--- Input records ---

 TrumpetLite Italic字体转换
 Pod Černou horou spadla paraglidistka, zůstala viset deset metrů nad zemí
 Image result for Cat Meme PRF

---
--- Input records ---

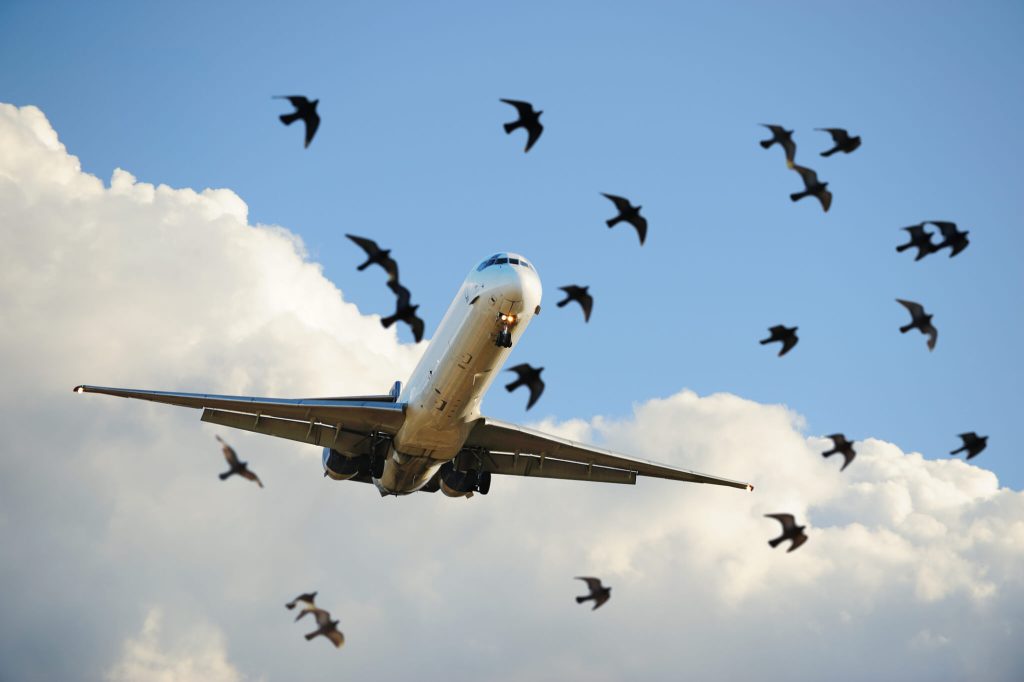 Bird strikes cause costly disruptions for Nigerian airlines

---

Look above for the line with "TrumpetLite Italic字体转换" and the line with "Image result for Cat Meme PRF", and reproduce exactly those two lines plus every line between, nothing more.

■ **Solution for this problem**
 TrumpetLite Italic字体转换
 Pod Černou horou spadla paraglidistka, zůstala viset deset metrů nad zemí
 Image result for Cat Meme PRF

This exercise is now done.